# What you need to do
Under this line sits a listing. Repeat exactly and only its lines from the one holding "ボブ/ブルージュ/ベージュカラー/ブリーチ/ダブルカラー/原宿" through the one holding "MICROONDAS JOHNSON ENCASTRE"; skip pictures.

# Data for review
————————

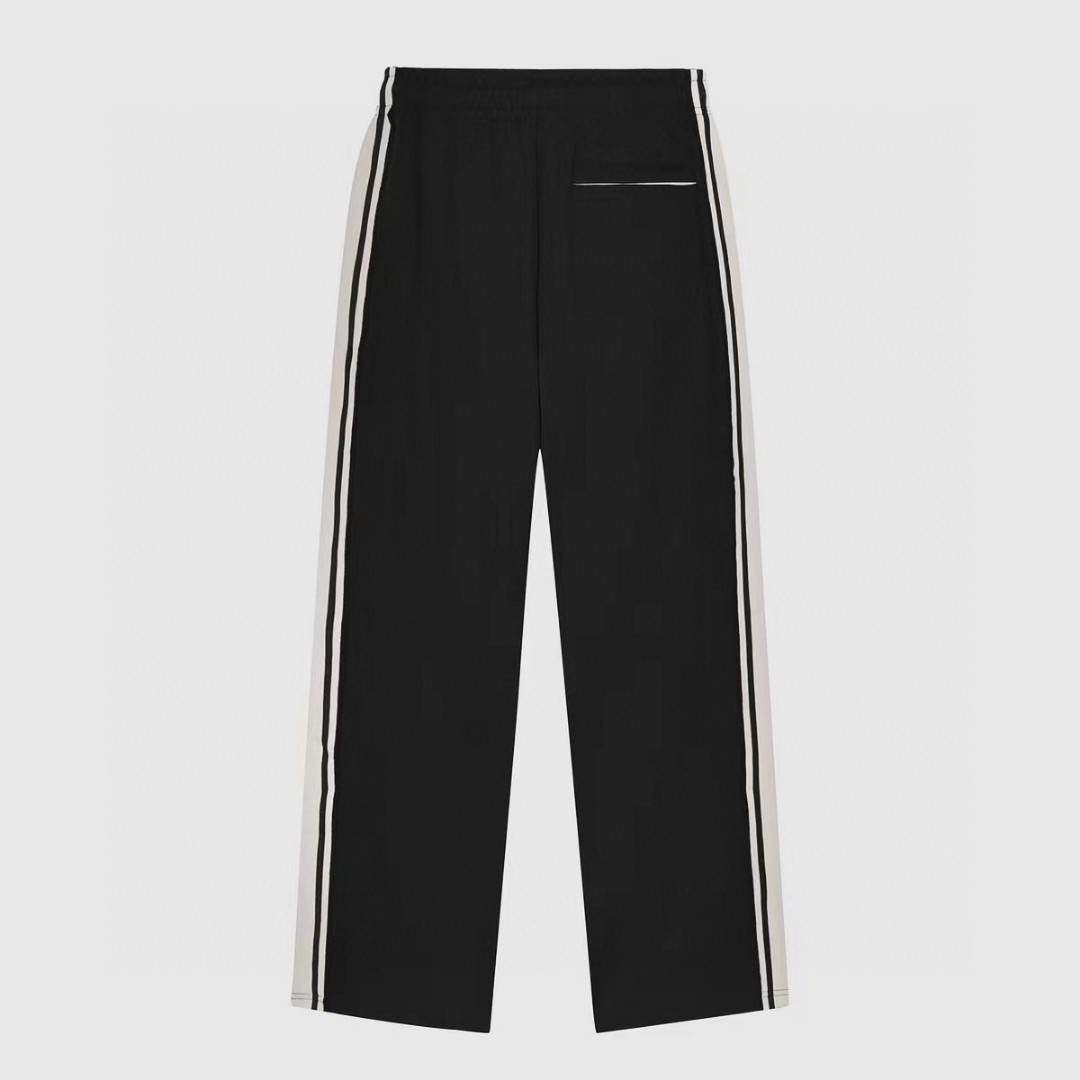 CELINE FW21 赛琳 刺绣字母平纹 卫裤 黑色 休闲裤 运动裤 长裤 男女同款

————————

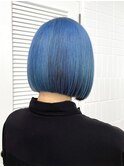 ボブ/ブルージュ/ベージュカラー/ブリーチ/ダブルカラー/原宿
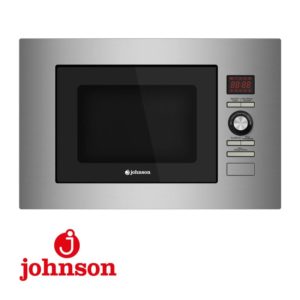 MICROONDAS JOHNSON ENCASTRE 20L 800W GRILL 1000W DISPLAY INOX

————————

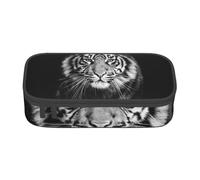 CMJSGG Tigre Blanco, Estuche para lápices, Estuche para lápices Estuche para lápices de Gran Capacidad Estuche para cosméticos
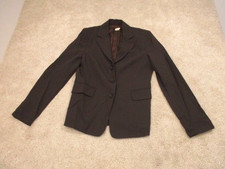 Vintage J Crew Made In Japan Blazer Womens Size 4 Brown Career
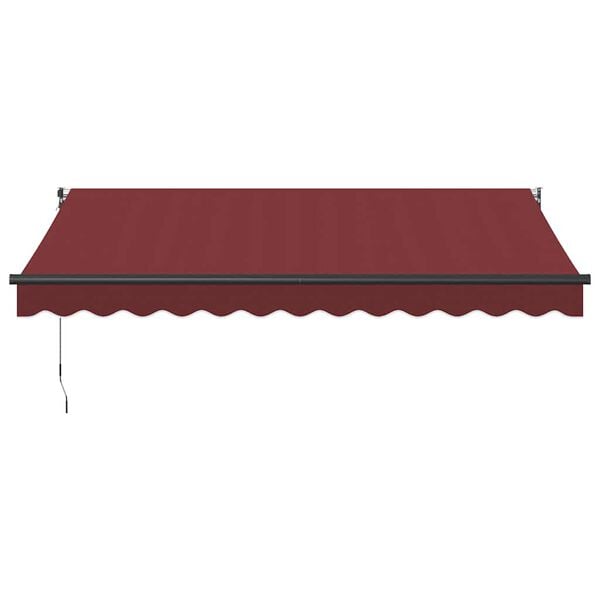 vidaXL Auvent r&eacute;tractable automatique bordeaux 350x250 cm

————————

# Problem solution
 ボブ/ブルージュ/ベージュカラー/ブリーチ/ダブルカラー/原宿
 MICROONDAS JOHNSON ENCASTRE 20L 800W GRILL 1000W DISPLAY INOX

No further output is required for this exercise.